• Assigned task
Search for the word "pour" in the entries. Each line that holds it should be copied.

• Records

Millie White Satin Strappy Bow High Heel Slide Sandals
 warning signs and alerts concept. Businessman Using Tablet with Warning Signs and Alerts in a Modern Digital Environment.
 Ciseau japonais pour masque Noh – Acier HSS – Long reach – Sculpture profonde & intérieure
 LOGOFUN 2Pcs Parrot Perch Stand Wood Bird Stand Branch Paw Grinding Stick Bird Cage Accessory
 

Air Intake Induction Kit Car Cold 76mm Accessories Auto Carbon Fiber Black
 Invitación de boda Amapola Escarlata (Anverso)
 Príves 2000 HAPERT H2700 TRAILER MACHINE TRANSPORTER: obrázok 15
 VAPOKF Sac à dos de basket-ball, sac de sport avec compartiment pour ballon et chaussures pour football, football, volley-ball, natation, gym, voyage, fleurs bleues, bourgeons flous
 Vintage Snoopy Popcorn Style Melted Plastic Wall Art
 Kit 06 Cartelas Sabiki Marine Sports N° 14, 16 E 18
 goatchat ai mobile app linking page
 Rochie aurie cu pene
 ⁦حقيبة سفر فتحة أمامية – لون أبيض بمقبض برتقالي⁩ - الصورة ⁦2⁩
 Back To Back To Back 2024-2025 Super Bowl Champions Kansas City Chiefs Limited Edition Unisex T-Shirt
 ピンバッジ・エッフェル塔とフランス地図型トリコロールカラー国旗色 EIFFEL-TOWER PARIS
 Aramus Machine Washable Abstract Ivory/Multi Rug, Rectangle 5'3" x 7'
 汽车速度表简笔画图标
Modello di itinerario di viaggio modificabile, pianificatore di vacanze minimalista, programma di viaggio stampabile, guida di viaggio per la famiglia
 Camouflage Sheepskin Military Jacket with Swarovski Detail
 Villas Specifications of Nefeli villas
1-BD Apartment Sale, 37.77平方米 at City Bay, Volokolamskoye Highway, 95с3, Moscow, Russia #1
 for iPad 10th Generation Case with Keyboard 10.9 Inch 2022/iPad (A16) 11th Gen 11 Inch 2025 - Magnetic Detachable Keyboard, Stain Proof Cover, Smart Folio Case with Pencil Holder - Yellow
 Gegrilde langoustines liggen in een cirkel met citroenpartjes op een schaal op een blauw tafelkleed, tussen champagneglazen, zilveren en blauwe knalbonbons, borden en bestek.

• Exercise output
 Ciseau japonais pour masque Noh – Acier HSS – Long reach – Sculpture profonde & intérieure
 VAPOKF Sac à dos de basket-ball, sac de sport avec compartiment pour ballon et chaussures pour football, football, volley-ball, natation, gym, voyage, fleurs bleues, bourgeons flous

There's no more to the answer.